Joe_Dragon (2206452) | more than 3 years ago | (#37370240)

Good idea but the art needs to be a lot more up to date.

Why? (1)

SanityInAnarchy (655584) | more than 3 years ago | (#37370778)

I mean, Darwinia was deliberately retro, yet still fun. Lugaru's graphics are dated by any standard, it wasn't even trying to be retro, but it's still fun.

Honestly, would you rather play Crysis or something that's actually fun?

Re:Why? (0)

Anonymous Coward | more than 3 years ago | (#37373526)

what if crysis is fun
some people have fun in it

but of course some games do look good but play badly

Re:Cool idea, Terrible awful art (1)

LXPK (178629) | more than 3 years ago | (#37375080)

That art was all done by us programmers in prototyping gameplay. We have artists, they're working on stuff that's not in the trailer yet :)

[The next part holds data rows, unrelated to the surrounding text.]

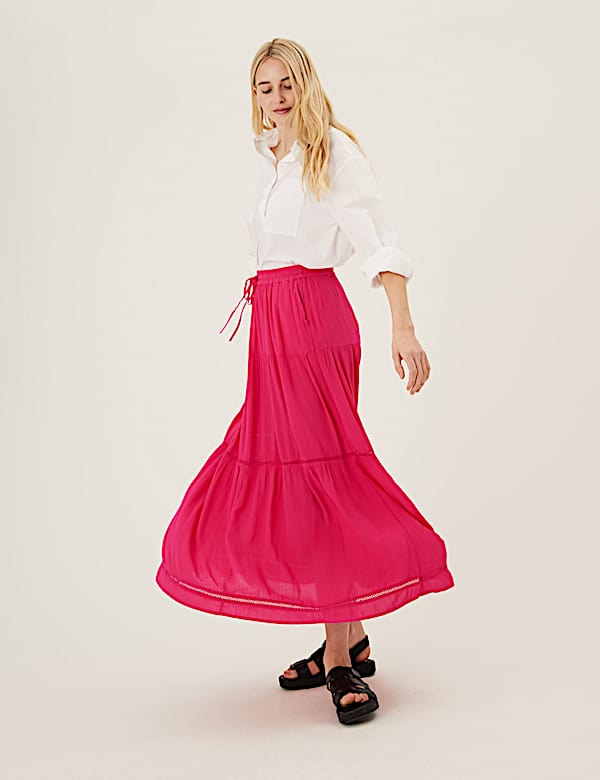Crepe Maxi A-Line Skirt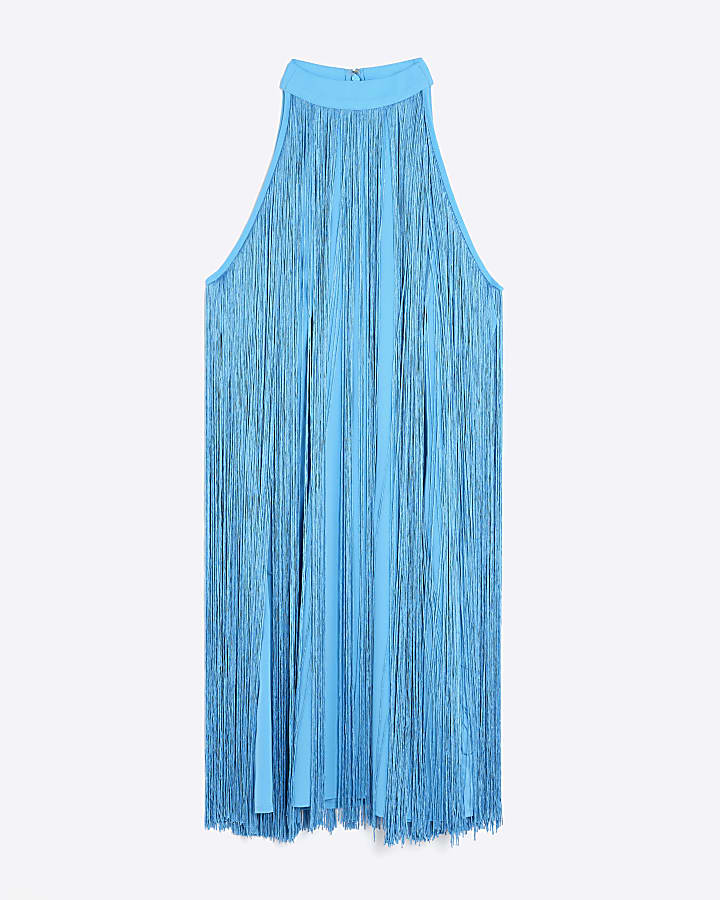 Blue Premium Fringe Mini Dress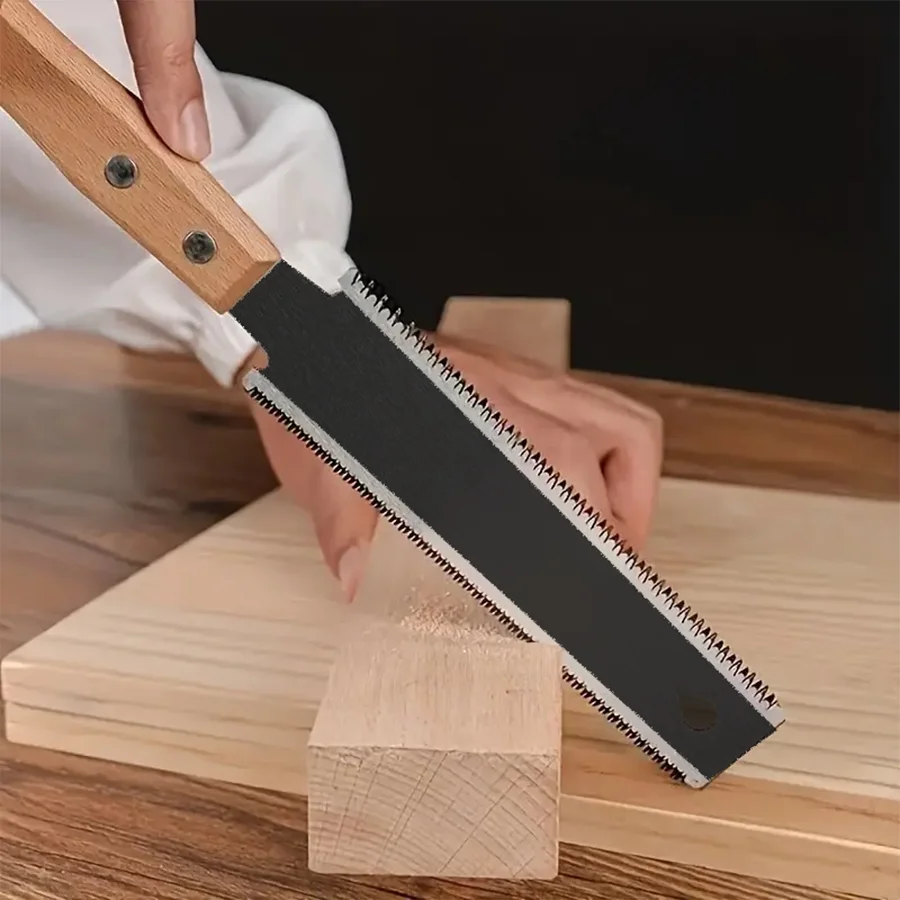 منشار يدوي للنجارة مقاس 12.2 بوصة بمقبض خشبي مريح |   شفرة دقيقة مقاس 15 سم لأعمال النجارة والحرف اليدوية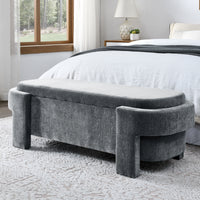 Upholstered Bench with Large Storage Space, Grey 51.5''x20.5''x 17''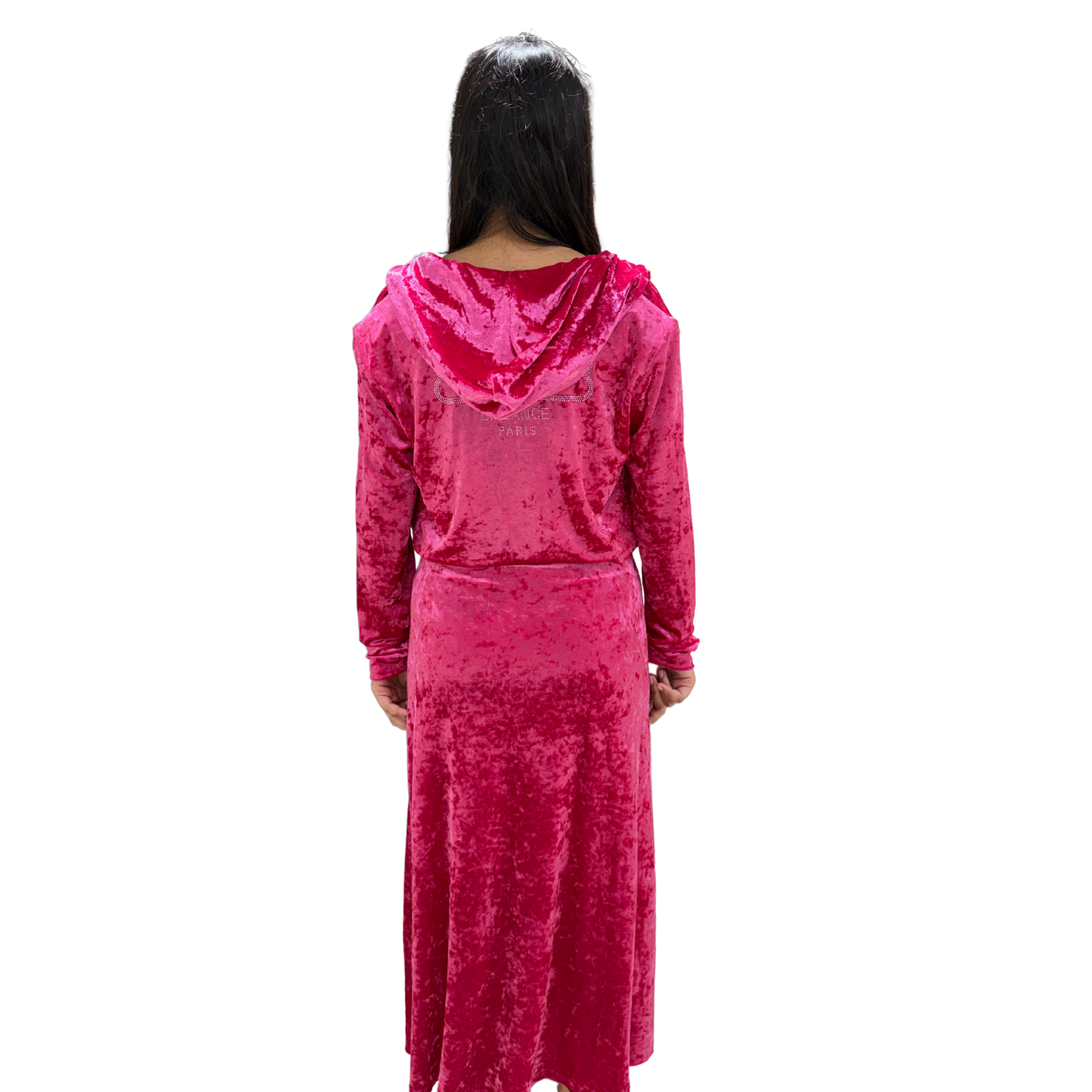 Velvet Blossom Pink Maxi Dress With Shrug Set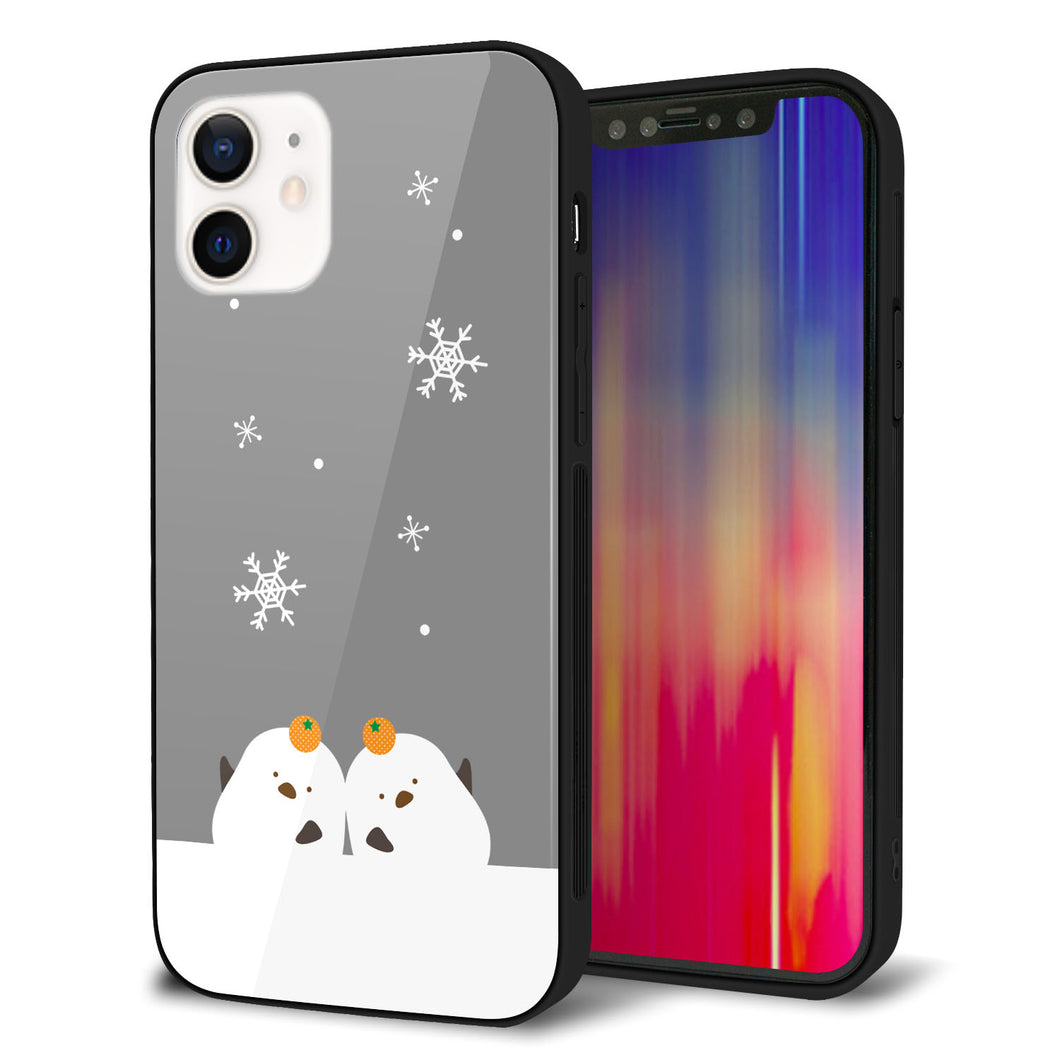 iPhone12 強化ガラス＆TPUスマホケース ガラプリ【TA019 冬シマエナガ】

Positive gaming (-1, Flamebait)

Anonymous Coward | more than 3 years ago | (#37370850)

What I'd like to see are games that are more positive. A game where the goal is to avoid conflict, or to put an end to hunger - or come up with the best economy/government. Where a person can learn about compassion and empathy before killing yet another virtual 'enemy' because they happen to be on the wrong side.

I understand that violence is popular and arguably instinctive to the human condition, but I have to wonder why that is - and why it needs to continue. In my humble opinion, it doesn't - and all it does is reinforce duality and separation and does little to bring us, as a people, closer together.

I understand this may sound a bit trite, but considering it's the 10th anniversary of 9/11, I hope that you'll take that into consideration. Thanks. :-)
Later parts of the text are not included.